С другой стороны, феодальный тип общества является чрезвычайно сложной системой равновесия различных групповых иерархий и соответствующих правопорядков. Так, к примеру, правовая система средневекового общества выделяется гипертрофированным партикуляризмом. Феодальные правопорядки (сами по себе разделяемые на сеньоральное право и собственно феодальное право), канонические правопорядки, право городов, цеховое право представляют собой суверенные правовые системы, в которых, кроме того, действует королевское и римское право (в тех регионах, где было распространено письменное право). Параллельно с этим, полномочия на отправление правосудия, власть налагать наказания распределялись между бесчисленными социальными группами. Церковь также имеет здесь свою судебную систему с широкой юрисдикцией, которая конкурирует со светскими судами. Даже университеты обладают своими собственными судами, а в Германии, кроме того, существовали и тайные политические суды. Поэтому феодальная правовая система в этом отношении предстает смешанной и плюралистичной. В свою очередь, интеграция правопорядка глобального общества становится возможной за счет верховенства определенной территориальной группы, такой как, к примеру, государство (в качестве иллюстрации можно привести греческий полис с VII по V в. до Р.Х. и римский civitas). Секуляризация и рационализация правовых систем такого общества оказывается возможной благодаря его внутренней структуре.

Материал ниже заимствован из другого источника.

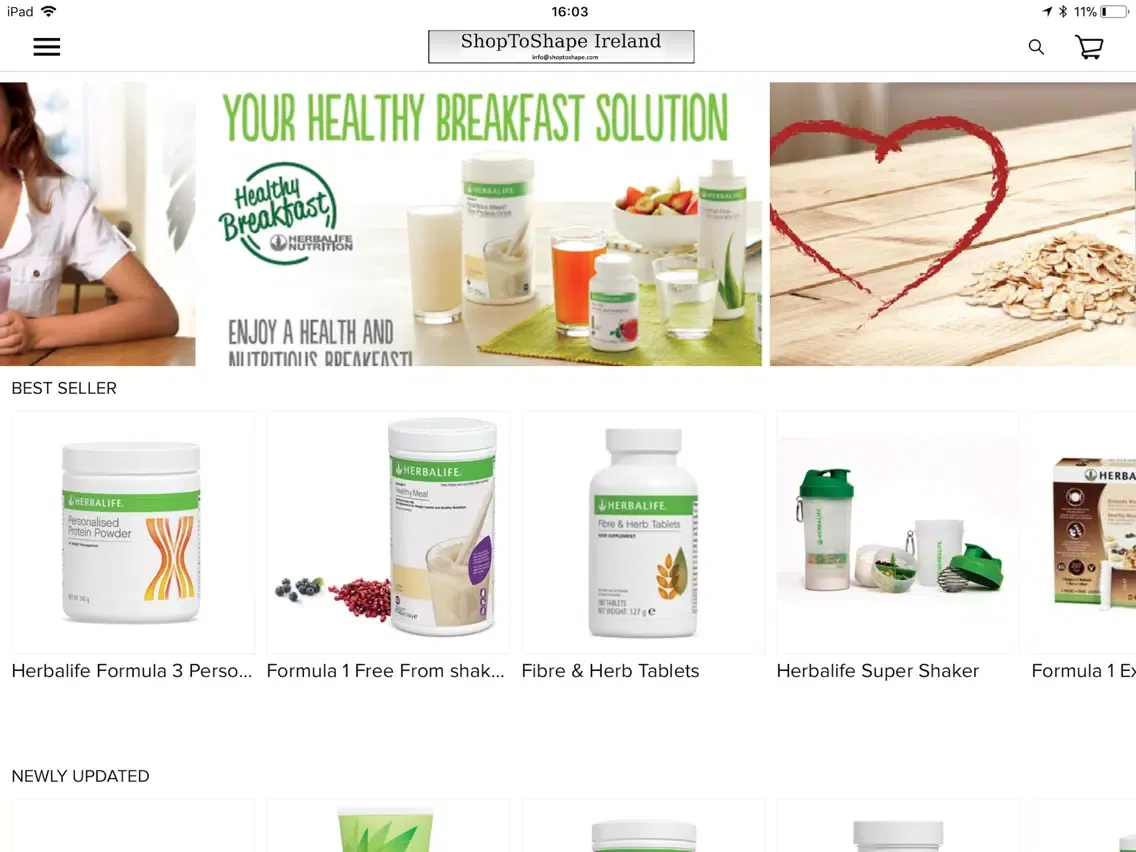 ShoptoShape Ireland - Independ iPad  স্ক্রিনশট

Тому типу глобального общества, полностью рационализированная правовая система которого основывается на правовом верховенстве организованного по территориальному принципу государства и на свободе договора, соответствует классический для Западной Европы XVI – конца XIX в. капиталистический режим. Лейтмотивом такого режима был принцип «один король, одно право», что демонстрировало тенденцию к устранению посредствующих звеньев между индивидами и государством и к равенству всех граждан перед законом. Только общее для всех, заранее сформулированное право, последствия применения которого могли быть заранее просчитаны и которое оставляло место для волеизъявлений индивидов («laissez faire, laissez passer»), могло удовлетворить потребности зарождающейся буржуазии и ее амбициозных замыслов в сфере торговли и промышленности. Соответствующая этому типу глобального общества правовая система нам слишком хорошо известна, что освобождает от необходимости далее исследовать ее характерные свойства.

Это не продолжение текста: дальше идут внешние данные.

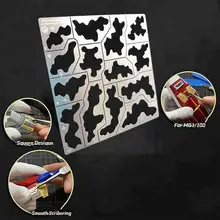 General Forest Camouflage Stenciling Template Leakage Spray Plate Aj0032 For 1/35 1/100 Gundam Military Model Building Tool R6a5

В противоположность предыдущей (капиталистической) правовой системе, в переходной правовой системе современного общества различные виды социального права (социальное право в его чистой форме или в форме признанного государством права) вновь обретают свою значимость. Поскольку экономическая деятельность здесь концентрируется в рамках крупных предприятий и гигантских организаций, где доминирует субординирующее экономическое право, и поскольку здесь нет места равенству волеизъявления между экономически сильными и экономически слабыми сторонами, то вся предыдущая правовая система, построенная в духе Декларации прав человека и гражданина 1789 года или Гражданского кодекса Наполеона, рушится под воздействием тех же самых сил, которые ее породили. Развитие организованного капитализма (акционерных обществ, трестов, картелей и т. д.), которому сопутствует появление профсоюзов и коллективных трудовых соглашений, расшатывает принципы государственного суверенитета и автономии воли, а также принцип свободы договора. Централистский коллективизм огосударствляет хозяйственную жизнь в надежде растворить государство в экономическом правопорядке. А такие организации, как ООН, МОТ, Гаагский международный суд, извне поднимают проблему сужения правотворческой компетенции государства. И никто не может сказать, как в дальнейшем будет протекать данный процесс. Социология права, так же как и любая другая социологическая дисциплина, не может делать предсказания и давать оценки. Единственное, что нам кажется бесспорным, это – наиболее вероятная тенденция развития правовой культуры к плюралистически-демократическому коллективизму, сохранению автономии правового регулирования, дифференцированного от других социальных регулятивных систем.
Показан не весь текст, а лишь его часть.